Illustration from a 12th century copy of the Classical comedies of Terence (Bodleian Library, Auct. F.2.13, f.105). (From New Palaeographical Society 1905)
Sometimes a date may be entered in a scribe’s colophon, indicating the date of transcription of a manuscript
Catalogue descriptions of monastic libraries may be consulted in order to discover when a work was entered and what information was entered about it. Some such catalogues exist from the middle ages, in manuscript form. Others were compiled by the antiquarians who first picked over the wreckage of the monastic libraries after they were dissolved or dispersed. Identifying particular manuscripts with ones that have been described may be aided if they contain inscriptions which give the names of owners at particular times.
monastic catalogue Introduction to a 15th century catalogue of the Premonstatensian monastery of Titchfield. This section describes the layout of the library and the letters on the shelves. From the library of the Duke of Portland. (From New Palaeographical Society 1903)
Scholars from a more leisurely age who obviously didn’t have dinners to cook or horses to feed have compiled a vast amount of factual data on such matters, which resides in dusty old journals that your university library may be tempted to dispose of in order to replace them with trendy modern discourses. Do not let them do it. These resources can never be replaced.
Manuscripts can be dated, to a certain level of accuracy, by examining their scripts. I was once fortunate enough to attend a paleography school run by Christopher de Hamel in which we were taught to play “The Paleography Game”, which more or less involves betting on your own degree of accuracy at dating scripts. It was invented in the hallowed halls of academe, or more likely the hallowed pubs, and is no doubt infinitely amusing if accompanied by schooners of port as forfeits. The point of the game is actually that the degree of accuracy of dating scripts is a bit wobbly, even when comparing with known examples. (See Watson 1979)

Changes in calligraphic fashion did not happen cataclysmically. There were trendy modern scribes and stuffy old fashioned scribes at any point in time, and there were scribes who could write modern or traditional, depending on how you wanted it. Nevertheless, there are general patterns that can be used to date handwriting, provided you are not too ambitious.

Details of the history of scripts are in the What Is Paleography? section.

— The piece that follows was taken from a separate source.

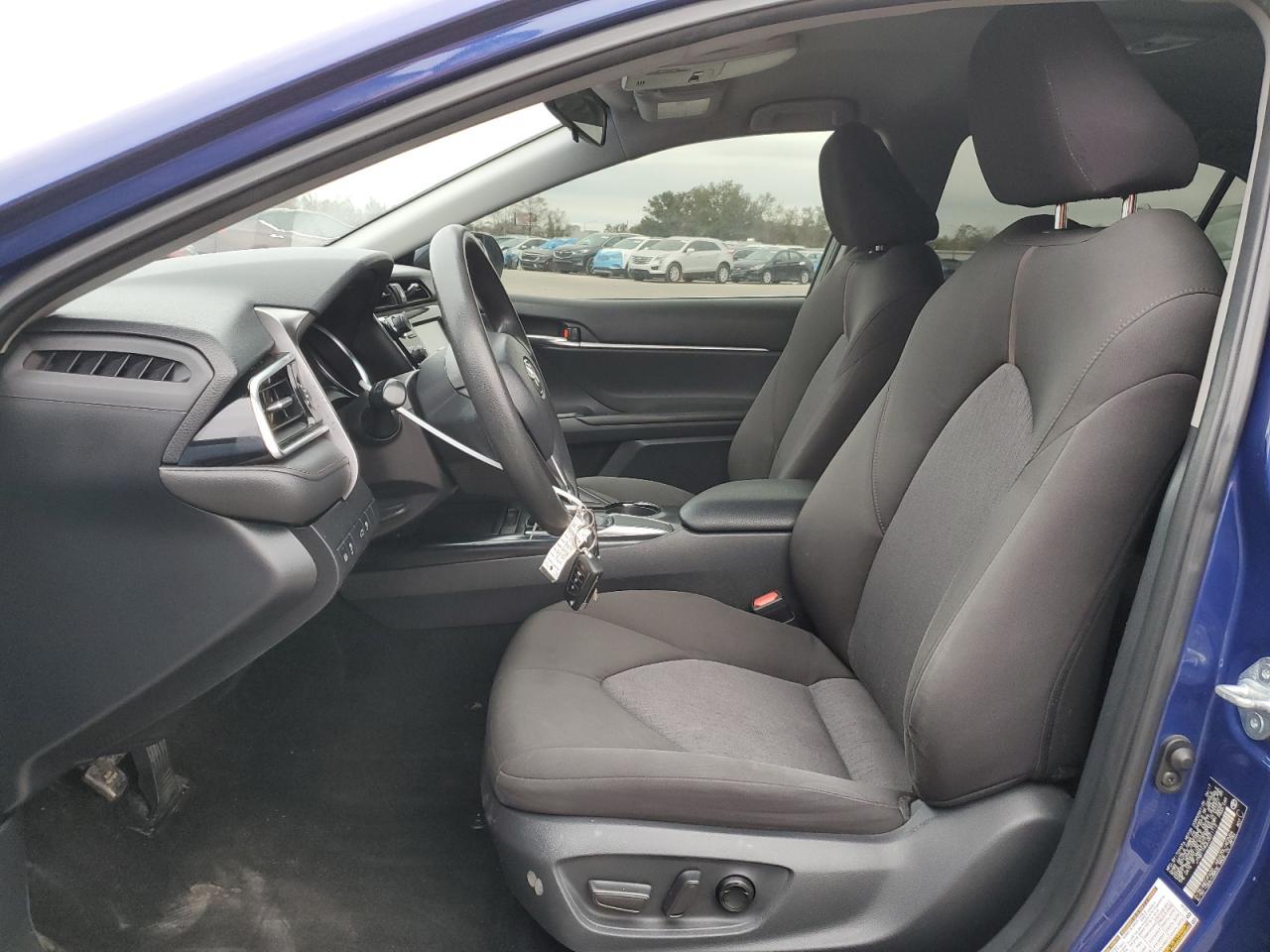 2018 TOYOTA CAMRY L - Фото 7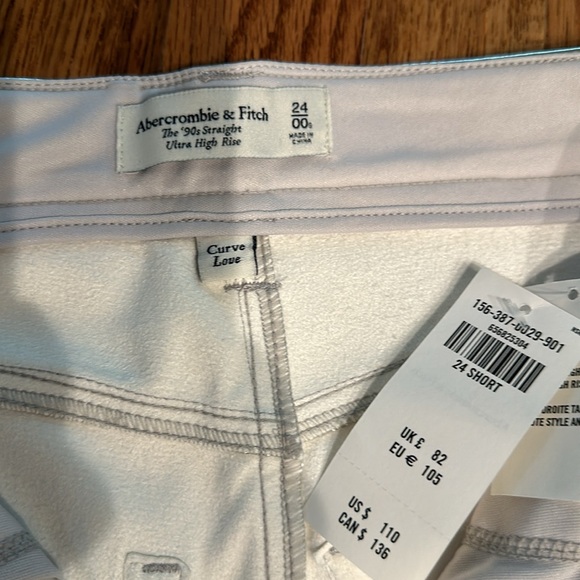 NWT- Abercrombie & Fitch 90’s Curve Love Silver Pleather Pants - Picture 5 of 5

For illuminated manuscripts, stylistic analysis of the decoration also helps to provide a date. This is a huge area of study, but there are some things that jump out at even the observant amateur, although the question of why certain fashions come and go is more complicated.
For example, why do the hems of garments on late Anglo-Saxon illustrations go into such frilly curves?
Anglo-Saxon hem
Figure from a calendar illustration for January in the early 11th century Julius Calendar (British Library, Cotton Julius A VI, f.3a). By permission of the British Library.
lion initial Why in the 12th century did they like to do initials in a motif that looks like a lion eating spinach?
Lion initial from a late 12th century version of Gaius Suetonius Tranquillus "De Vita Caesarum" (British Library, Egerton 3055, f.2). By permission of the British Library.
monkey driving czrt Why are the borders of 14th century manuscripts of great significance and solemnity adorned with mad monkeys, birds with their heads in pots and strange creatures that look as if they were invented by a medieval Dr Seuss?
furry footed fiddler A monkey drives a cart and a creature with strange furry feet plays a fiddle in the borders of pages of the 14th century Luttrell Psalter, now in the British Library. (From New Palaeographical Society 1904).
flowers Why, in the 15th century, did they go so crazy on flowers?
Flower motifs in the border of an abstract of agreement between Henry VII and the abbot and convent of Westminster (British Library, Harley 1498, f.76). By permission of the British Library.
There are technical terms for all these things, and hundreds more beside, but anyone can look and create their own mental visual encyclopedia.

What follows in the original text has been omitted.